A pesar de todas las acusaciones contra Itachi no pudieron culparlo. No pudieron condenarlo. Pero lo que los aldeanos creyeran nada le importaba a Itachi. Aquel día. Aquel funesto día su mundo, ese que por primera vez en su miserable vida fue benévolo, regresó de golpe a la angustia y desesperación.
Minato se desvaneció de su vida como si de un sueño se hubiera tratado. Un sueño de tres años. Un sueño cruel.
Un año después de la desaparición de Minato, su madre también sucumbió. Con su último aliento, la mujer que fue su única razón para no desquiciarse tras perder a Minato, le suplicó perdón por haberle traído al mundo, por no haber podido evitarle el sufrir y porque lo dejaba solo.
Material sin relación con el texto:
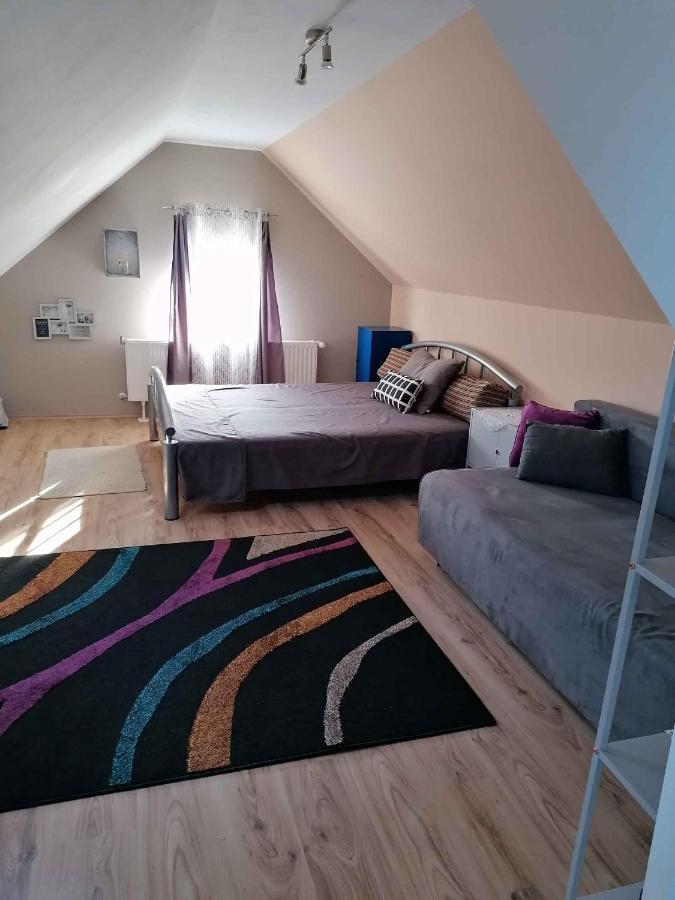 Apartments In Balatongyoeroek 34590 מראה חיצוני תמונה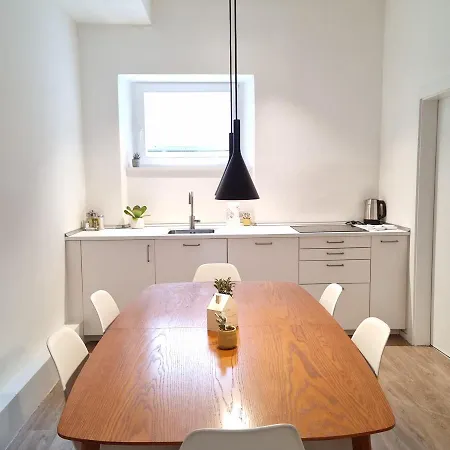 Apartment Emilie With Parking Historic City Center Meran Exterior foto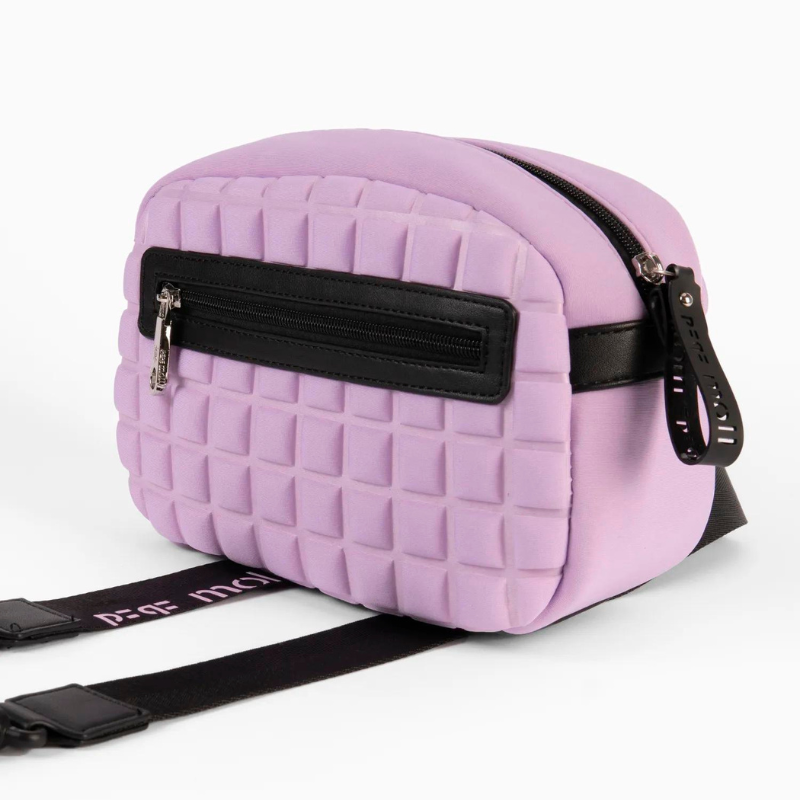 A carteira perfeita para quem procura praticidade e estilo num único acessório. Com o seu material de estilo neoprene, esta bolsa crossbody oferece uma abordagem diferenciada e confortável para o seu dia a dia, permitindo que mantenha suas mãos livres enquanto arrasa nos seus looks.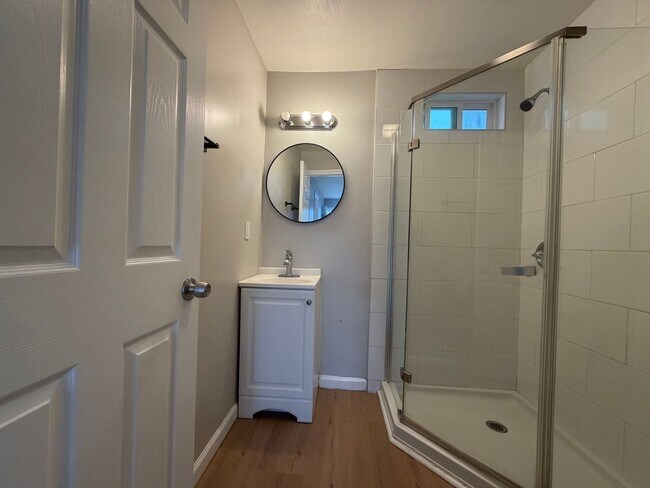 Building Photo - 26th Street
La avalancha de imágenes que comenzaron a formarse entre el reflejo del vespertino sol en el río y las sombras de sus recuerdos, se difuminaron lentamente. Tomó el morral y se lo echó sobre la espalda. Con una última mirada aquel río y a los recuerdos que dejaba en sus aguas se giro sobre sus pasos y comenzó a andar. Realizaría lo que Minato y él tantas veces soñaron.
Dejando Hazard atrás.
:::FIN:::
Nota: El fic está basado en la canción Hazard de Richard Marx.